### [Data shown]
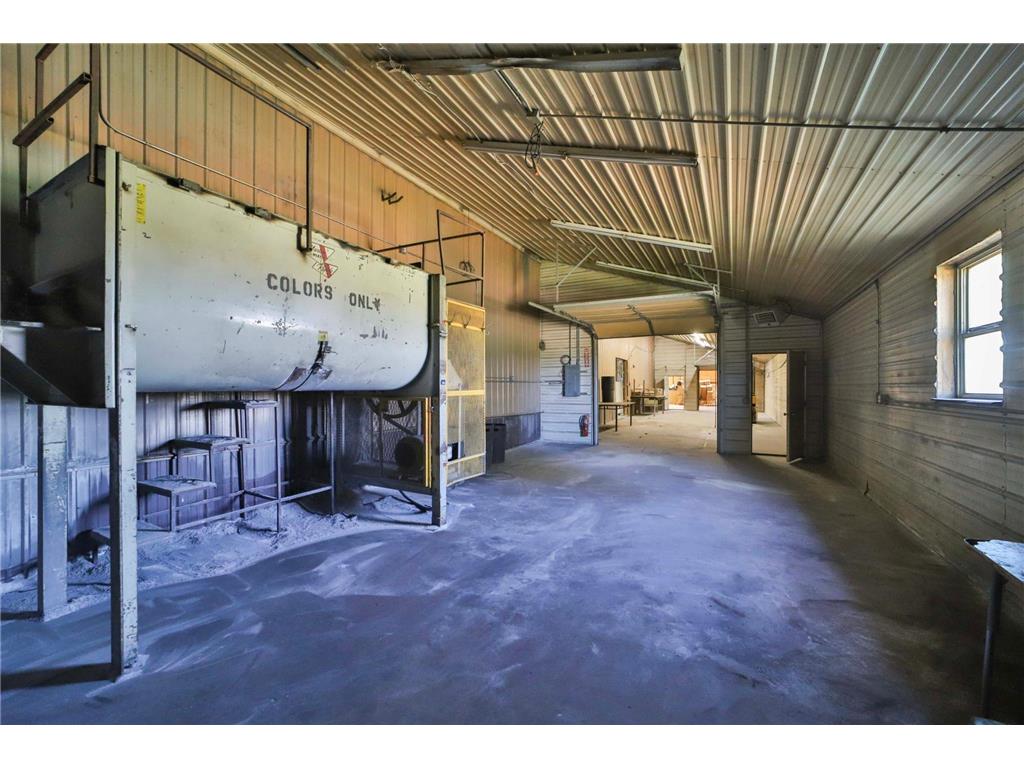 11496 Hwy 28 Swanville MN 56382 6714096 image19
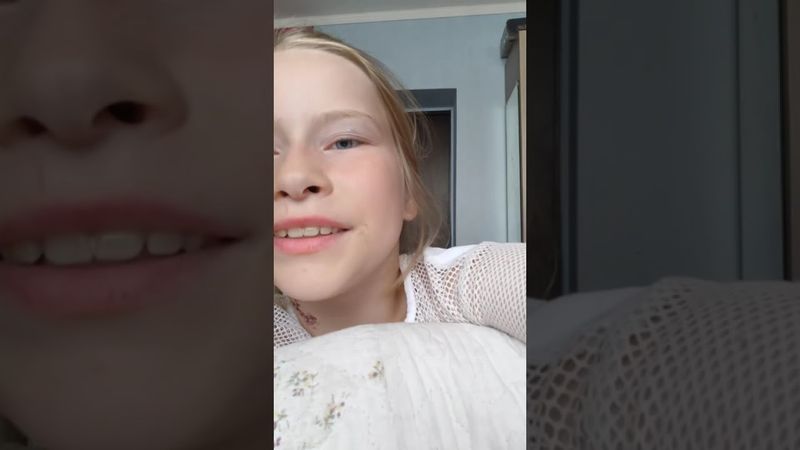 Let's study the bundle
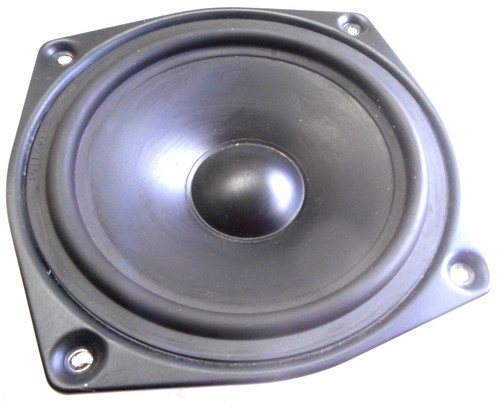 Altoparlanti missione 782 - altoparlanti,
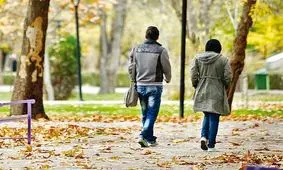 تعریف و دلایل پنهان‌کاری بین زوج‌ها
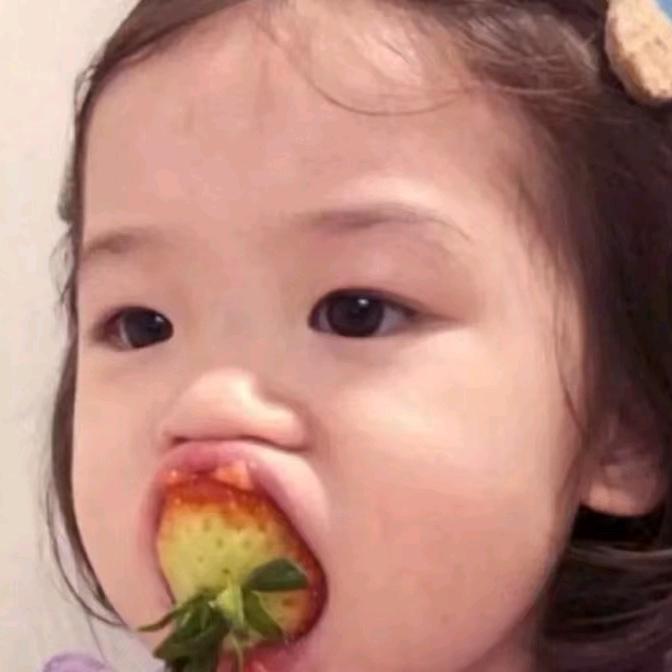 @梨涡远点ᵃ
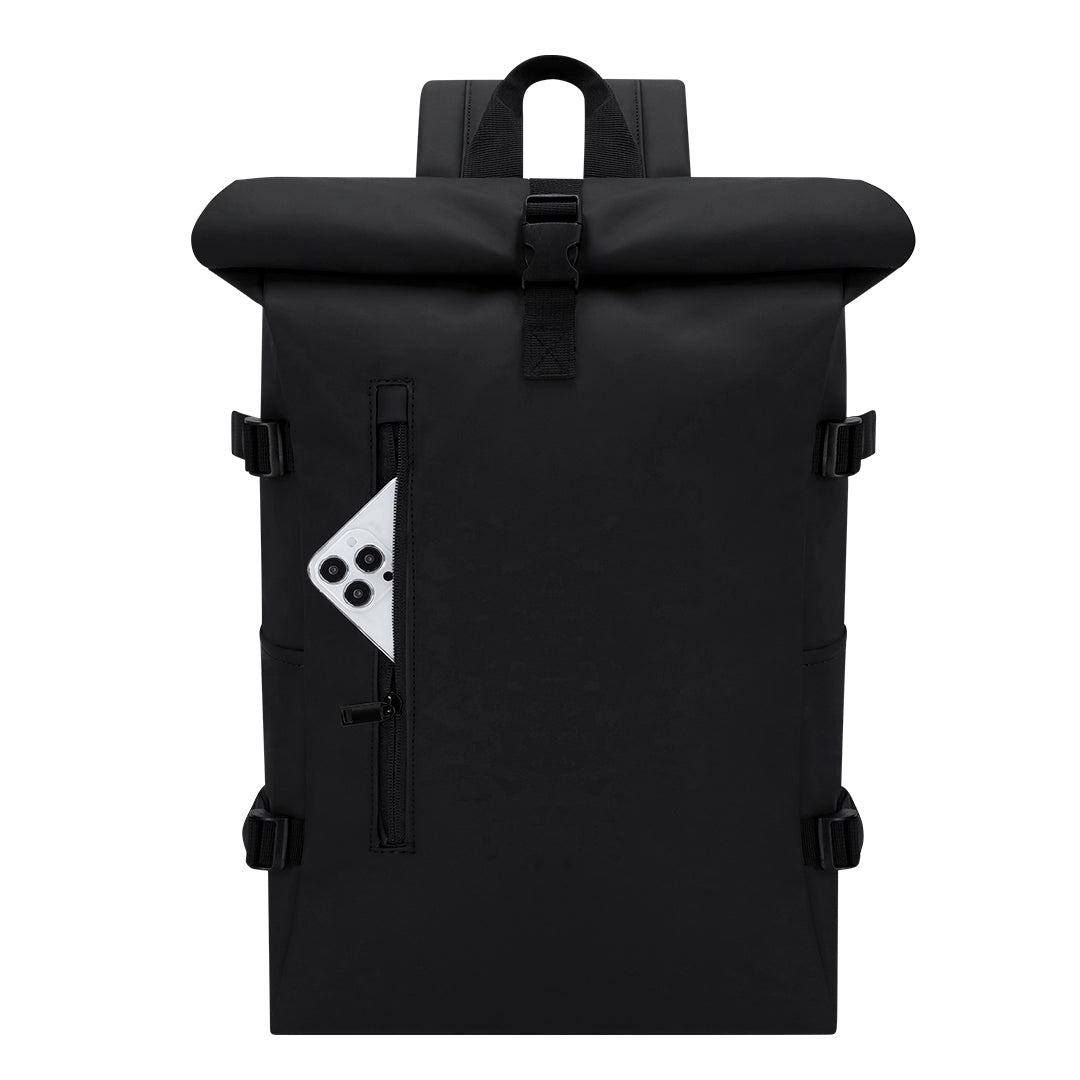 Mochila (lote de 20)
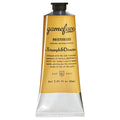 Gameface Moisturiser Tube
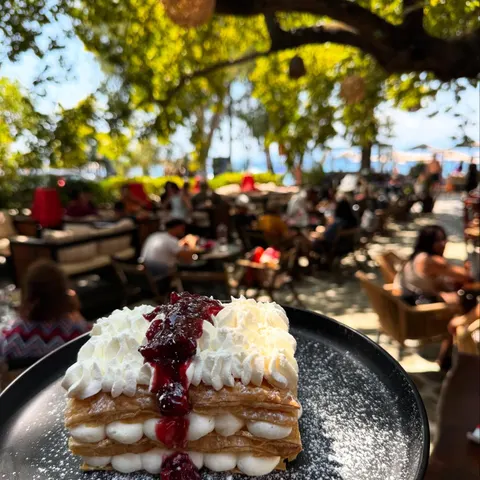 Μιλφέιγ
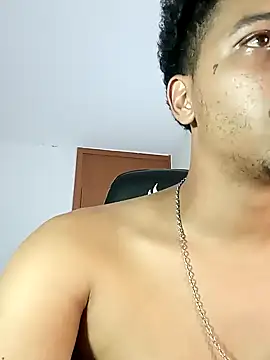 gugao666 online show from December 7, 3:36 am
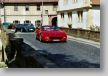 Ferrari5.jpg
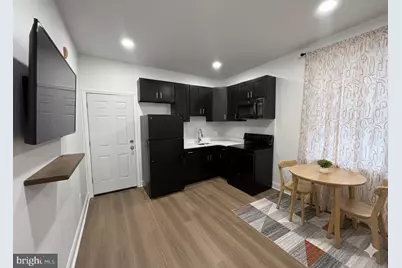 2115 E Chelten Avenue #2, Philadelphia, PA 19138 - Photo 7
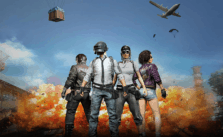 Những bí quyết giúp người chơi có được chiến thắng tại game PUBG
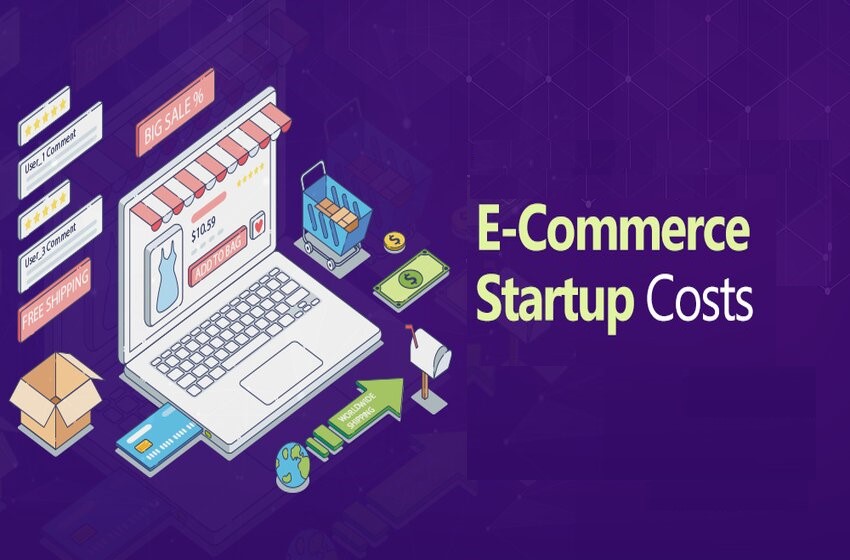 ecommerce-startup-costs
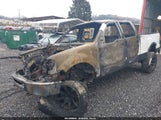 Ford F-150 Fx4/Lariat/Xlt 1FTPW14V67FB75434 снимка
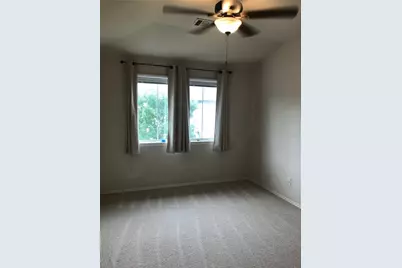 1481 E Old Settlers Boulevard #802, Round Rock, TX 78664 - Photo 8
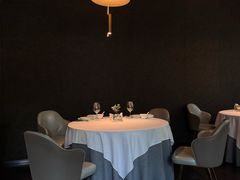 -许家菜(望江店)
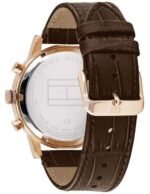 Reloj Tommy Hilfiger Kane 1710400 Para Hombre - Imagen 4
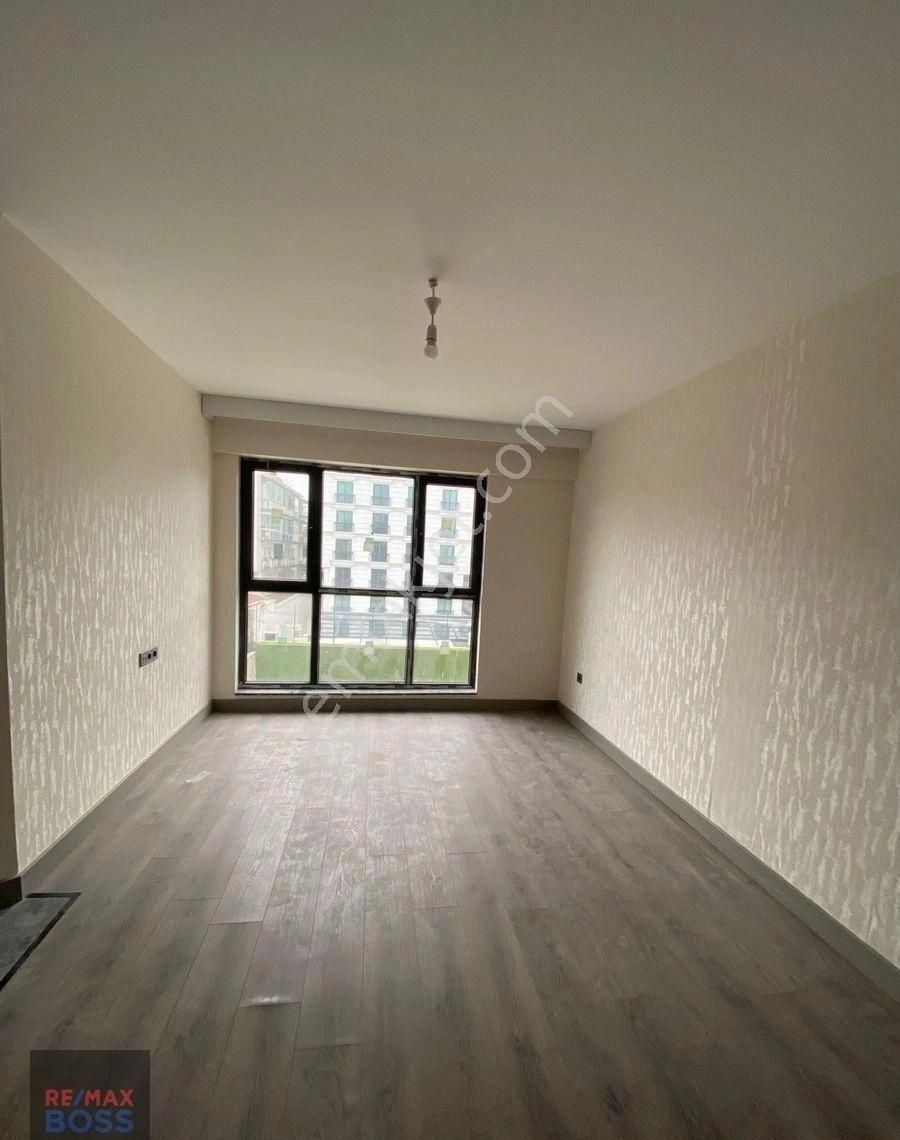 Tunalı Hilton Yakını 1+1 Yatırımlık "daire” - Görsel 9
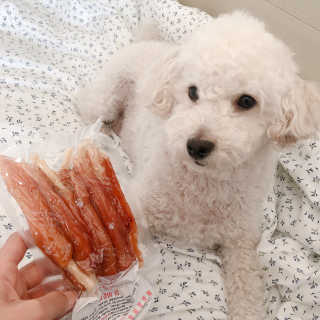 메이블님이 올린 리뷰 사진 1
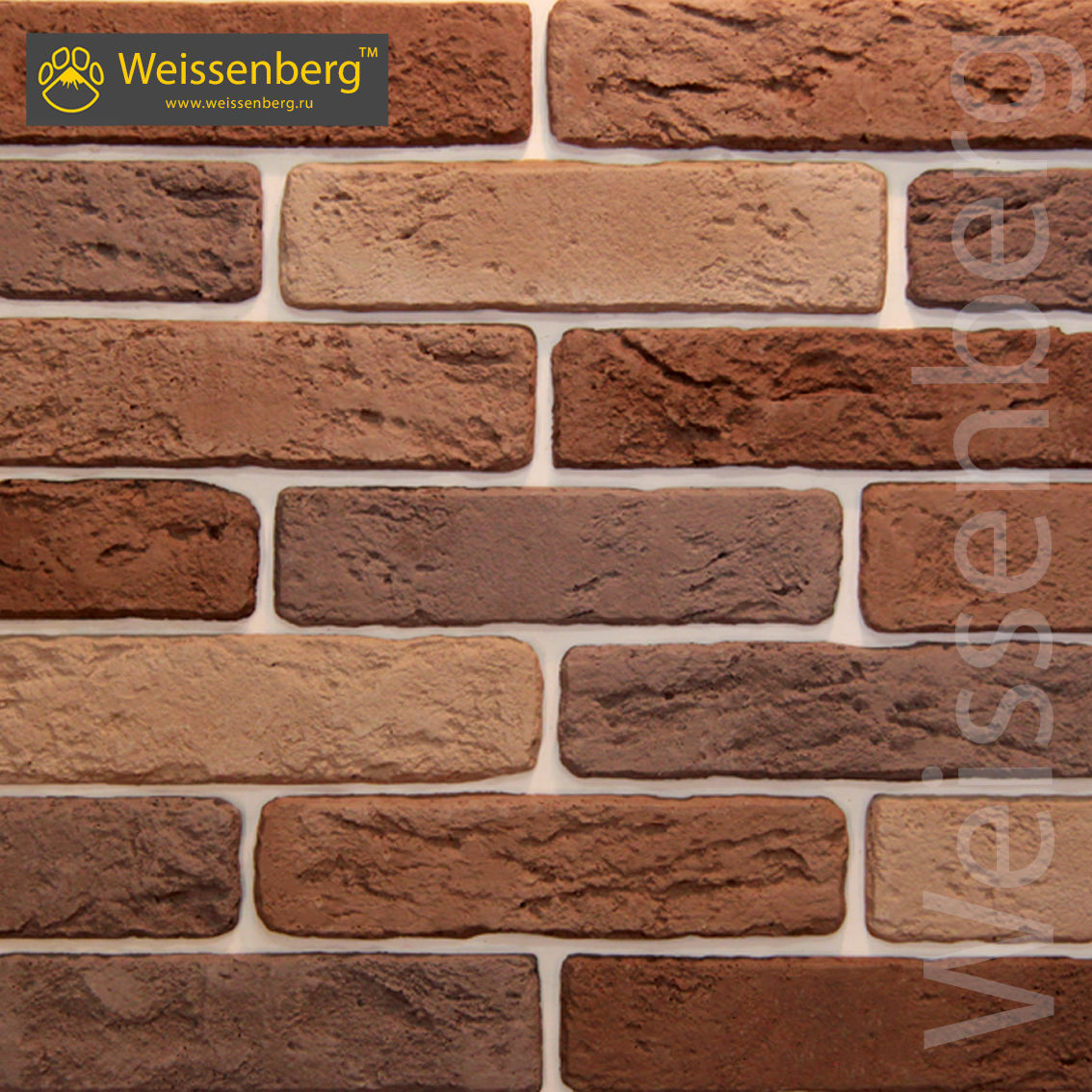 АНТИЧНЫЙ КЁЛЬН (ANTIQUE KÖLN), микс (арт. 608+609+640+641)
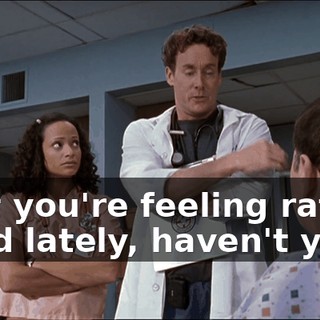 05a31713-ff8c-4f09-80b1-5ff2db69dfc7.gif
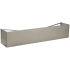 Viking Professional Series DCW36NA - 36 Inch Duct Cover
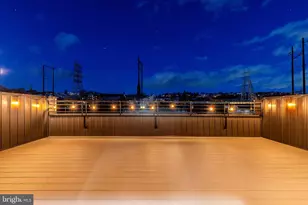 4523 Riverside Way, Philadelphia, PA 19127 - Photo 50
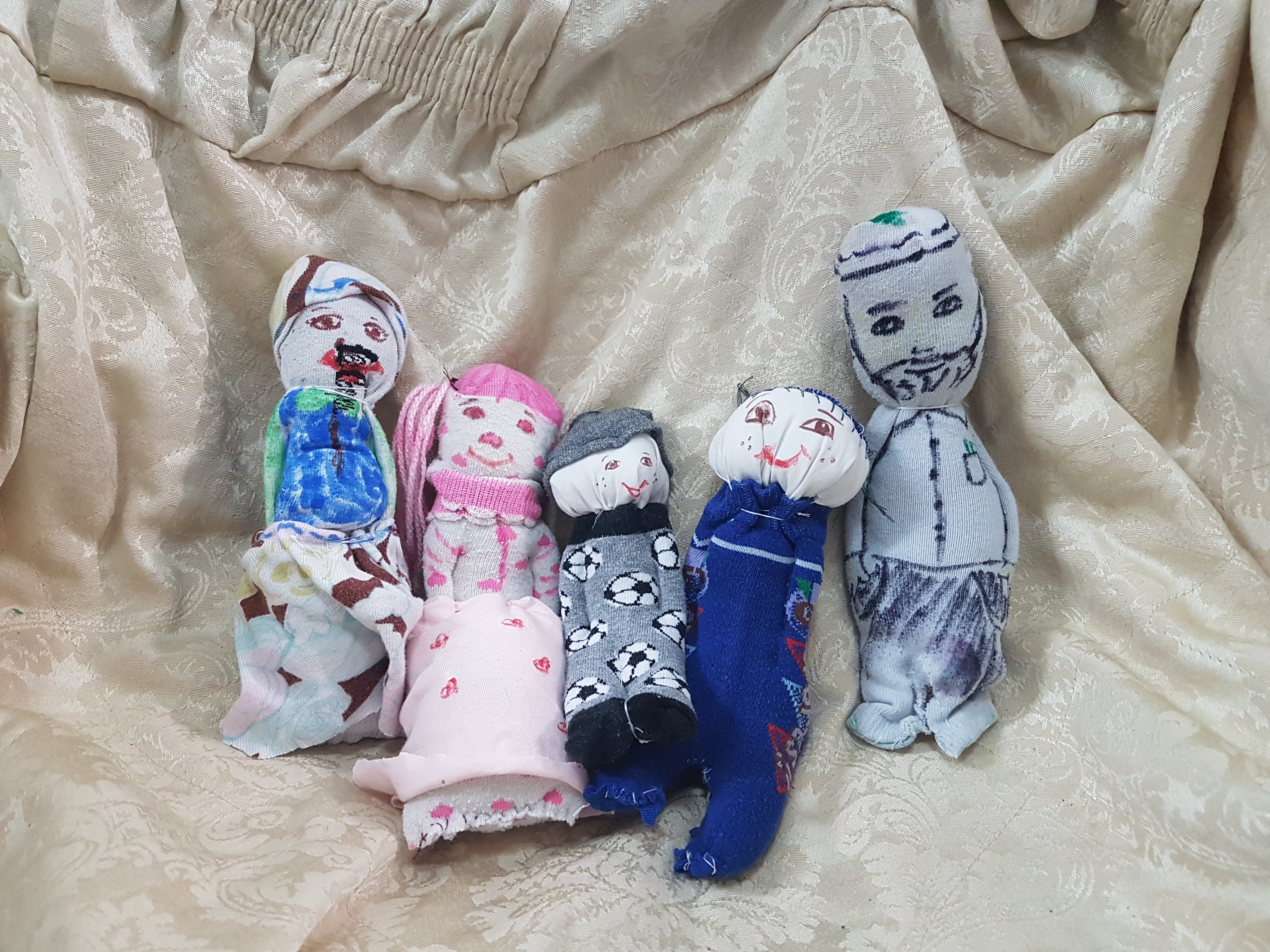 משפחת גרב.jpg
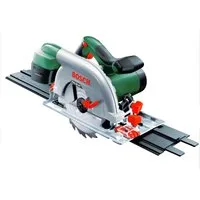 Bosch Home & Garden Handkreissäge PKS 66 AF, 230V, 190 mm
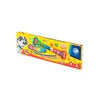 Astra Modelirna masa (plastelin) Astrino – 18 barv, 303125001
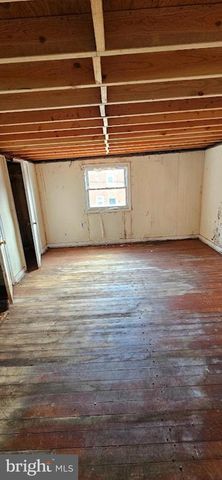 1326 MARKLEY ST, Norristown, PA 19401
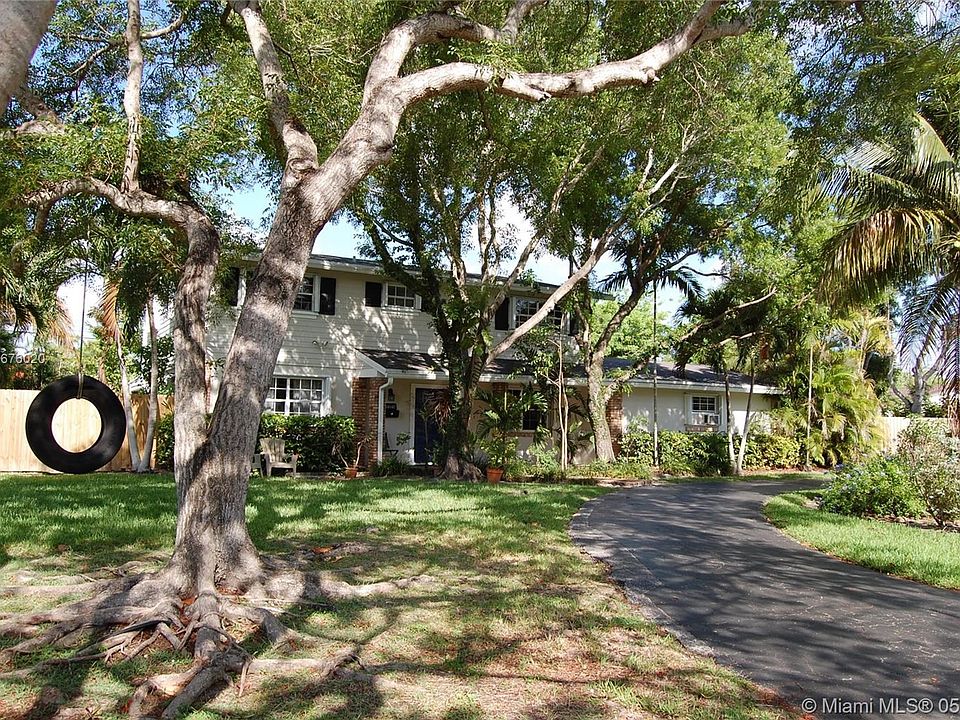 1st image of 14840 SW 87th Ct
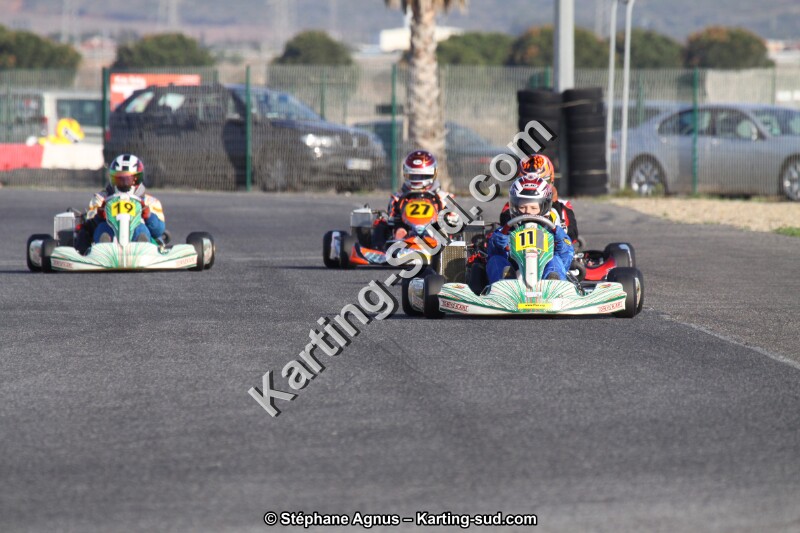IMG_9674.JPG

### [Task item]
Copy the entries above exactly, but only the stretch from the line containing "Ferrari5.jpg" through the line containing "АНТИЧНЫЙ КЁЛЬН (ANTIQUE". Keep both end lines; drop the pictures.

### [Output]
 Ferrari5.jpg
 2115 E Chelten Avenue #2, Philadelphia, PA 19138 - Photo 7
 Những bí quyết giúp người chơi có được chiến thắng tại game PUBG
 ecommerce-startup-costs
 Ford F-150 Fx4/Lariat/Xlt 1FTPW14V67FB75434 снимка
 1481 E Old Settlers Boulevard #802, Round Rock, TX 78664 - Photo 8
 -许家菜(望江店)
 Reloj Tommy Hilfiger Kane 1710400 Para Hombre - Imagen 4
 Tunalı Hilton Yakını 1+1 Yatırımlık "daire” - Görsel 9
 메이블님이 올린 리뷰 사진 1
 АНТИЧНЫЙ КЁЛЬН (ANTIQUE KÖLN), микс (арт. 608+609+640+641)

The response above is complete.